23 August, 2013

Patch Tick!!


Another one!

Didn't even have to leave the house this time, either! Yesterday afternoon, about half six, the late sun warms some nice bushes-come-trees-come-bramble thicket out back. As I look out of my window, a movement catches my eye; Ooh, a Jersey Tiger! Then I pick up a brown bird.. Another Reed Warbler?!? Oh no, that's no Reed, that's a frickin' Cetti's!!!!! It found a nice spot, caught a couple of flies, and sat in the sun for an age - maybe 20 seconds - long enough for me to decide to go for my scope, at which point it vanished back into it's cover and didn't re-emerge. Many is the time you hear Cetti's without seeing them [even when they're at blow in your eardrums range] but it's not often you see one without hearing it. I assume it was a dispersing juvenile - I just hope it was able to move on before the cats found it...

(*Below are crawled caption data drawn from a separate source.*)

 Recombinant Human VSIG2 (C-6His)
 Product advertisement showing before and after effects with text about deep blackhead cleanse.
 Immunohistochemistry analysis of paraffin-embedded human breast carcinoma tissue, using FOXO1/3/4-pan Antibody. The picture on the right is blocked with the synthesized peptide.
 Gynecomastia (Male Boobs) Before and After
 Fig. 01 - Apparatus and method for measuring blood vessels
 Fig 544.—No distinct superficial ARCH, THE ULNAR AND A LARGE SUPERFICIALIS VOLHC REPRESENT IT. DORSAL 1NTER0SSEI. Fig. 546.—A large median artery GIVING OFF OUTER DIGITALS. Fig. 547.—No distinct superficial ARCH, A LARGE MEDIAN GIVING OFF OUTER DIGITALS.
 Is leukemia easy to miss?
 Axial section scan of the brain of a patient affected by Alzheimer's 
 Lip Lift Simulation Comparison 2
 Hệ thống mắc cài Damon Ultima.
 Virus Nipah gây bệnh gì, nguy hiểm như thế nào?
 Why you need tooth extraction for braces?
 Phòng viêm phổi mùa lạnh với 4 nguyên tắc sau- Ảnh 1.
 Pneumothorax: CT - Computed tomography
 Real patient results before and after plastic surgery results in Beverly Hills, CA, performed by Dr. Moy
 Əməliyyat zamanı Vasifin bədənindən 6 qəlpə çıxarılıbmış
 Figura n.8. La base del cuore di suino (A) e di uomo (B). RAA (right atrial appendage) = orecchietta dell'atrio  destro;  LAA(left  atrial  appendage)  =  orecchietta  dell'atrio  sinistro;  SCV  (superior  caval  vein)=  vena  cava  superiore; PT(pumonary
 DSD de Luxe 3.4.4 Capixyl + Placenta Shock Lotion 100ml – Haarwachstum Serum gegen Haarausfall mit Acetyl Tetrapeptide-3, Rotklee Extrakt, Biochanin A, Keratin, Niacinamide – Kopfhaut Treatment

After that, and with the mistyfog arriving overnight, I was down at the Nose this morning. I gave it a mighty battering and got one band of passerines for my pains. They were very mobile and seemed to be  one of the local tit bands [LTTs and Blues] with a bunch of warblers following them about; at least 5 Chiffs, 2 Whitethroats, a Blackcap, and a Garden Warbler [the latter actually posed in the open for nearly 3 seconds, the porn star! ]. They could be local juvs, of course, rather than grounded migrants.


More productive was the sea, with a quick scan turning into a 5 minute timed count!

Balearic  2
Manxie  16
Fulmar  2
Gannet  12
Skua sp. [probably Arctic]  1
Kittiwake  124!

And that was just what was in binocular range. The Kitts were a pulse, not sustained passage, but the birds are still out there...


There was also a Clouded Yellow which vanished when the sun went in and didn't reappear, and a lovely Painted Lady, which landed in front of me as I toiled up the First Slope and posed;



Later on I got to the Harbour, where there were plenty of juvie Herrings, but nothing sexier.